All college graduates should be well equipped at critical thinking – the capacity to reach measured conclusions from available statements and data, independent of preconceived notions.
Although essential at every level of professional work, employers find that facility lacking in about 4 in 10 graduates. As alarming, the College Learning Assessment Plus found four years of college often adds little to students’ analytical abilities, even at many prestigious institutions like the University of Texas.
In the 1950s, freshman composition was an arduous rite of passage. Each week, students wrote themes, which were rigorously graded for grammar and logical structure. They learned not merely how to bang a subject against a verb but also how to think clearly and put aside personal biases.
Gradually, such rigor has been removed from required undergraduate curricula. These days repeating faculties’ and administrators’ politically correct orthodoxy, and running off campus speakers whose views challenge their prejudices, are what passes for intellectual competence.
In a less technical era, a general education – with a major in anthropology or history – was enough to launch a career. These days something more practical like software engineering or finance is required for most students to succeed.
Too often faculty and administrators dupe students with nostrums like “you can accomplish just about anything with a humanities degree” and offer examples of alumni in their 40s and 50s with enviable careers.
They don’t tell students that those alumni graduated into a more robust, less technologically demanding job market, and were better equipped, by virtue of more rigorous curricula, for self-directed continuing education.
America can’t expect to compete internationally with such ill-prepared citizens.
As importantly, universities are undermining American civic values of tolerance and respect for due process.
Broadly understood norms requiring faculty to abstain from the most hideous hate speech have morphed into expansive campus codes and tribunals – essentially required by a 2011 Obama administration directive to universities – that investigate faculty for posing ideas students decide are homophobic, racially charged or otherwise discomforting.

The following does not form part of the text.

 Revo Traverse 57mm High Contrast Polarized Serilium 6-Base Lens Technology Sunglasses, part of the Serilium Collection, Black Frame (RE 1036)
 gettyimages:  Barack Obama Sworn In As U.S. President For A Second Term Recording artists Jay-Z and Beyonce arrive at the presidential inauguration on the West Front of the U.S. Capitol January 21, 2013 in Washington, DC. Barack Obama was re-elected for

The slightest and most innocent turn of phrase – or ideas that cause students to question any form of political correctness – can land faculty in the dean’s office and cost them their jobs or at the very least leave the wrongfully accused marginalized and ostracized.

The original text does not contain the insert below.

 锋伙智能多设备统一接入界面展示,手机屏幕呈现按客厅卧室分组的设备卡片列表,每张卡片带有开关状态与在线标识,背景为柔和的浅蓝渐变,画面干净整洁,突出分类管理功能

As a defensive mechanism, many instructors are removing material that challenges cultural norms, values and prejudices. A professor of film at CUNY has dropped “Birth of Nation” because it deals with racism and “Tootsie” because it brings up too many gender stereotypes.
Much is appropriately made of assaults on free speech, but those have morphed into broader attacks on the most essential element of academic freedom – the latitude to thoughtfully challenge – free from fear of retribution – widely accepted ideas about society and science.

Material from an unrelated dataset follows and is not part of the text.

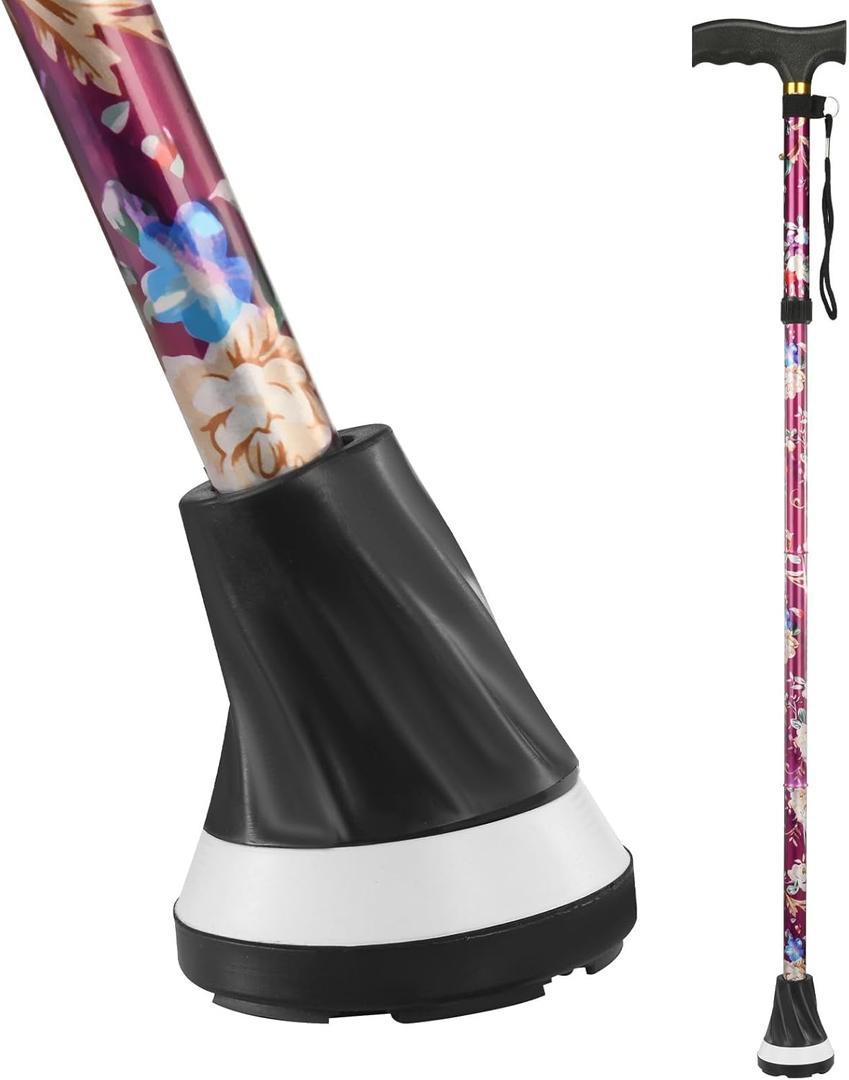 Walking Cane PANZHENG Cane for Man/Woman | Mobility & Daily Living Aids | 5-Level Height Adjustable Walking Stick | Comfortable Plastic T-Handle Portable Walking Stick Folding Cane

In an op-ed, Professors Amy Wax and Larry Alexander from the Universities of Pennsylvania and San Diego argued that the decline of a unifying culture that valued hard work, self-discipline, child rearing in stable marriages, service to employers and community, and respect for authority greatly contributes to poor economic and social conditions among working class whites and minorities. Colleagues responded with a firestorm of attacks and the usual invectives about racism.
Bowing to mob rule and embracing vigilantism in lieu of due process, the law school dean removed Professor Wax from a mandatory first-year course and asked her to take a leave of absence. Maybe it’s the dean and some of her colleagues who are in need of a timeout.
America is unique among nations, because it was founded on the idea of the fundamental sanctity of individual liberty and freedom of thought, and not as a place defined by a specific ethnic, language or religious identity. All that is needed to become an American is to embrace this basic creed and take up the shared responsibility to preserve it.
It is difficult to see how a civilization that puts so much stock in those values and equal treatment under the law can long survive when its young people are required to embrace such intolerance and taught by example that those accused of transgressions are entitled to no more due process than the mob rule of a fascist state.
Peter Morici is an economist and business professor at the University of Maryland, and a national columnist.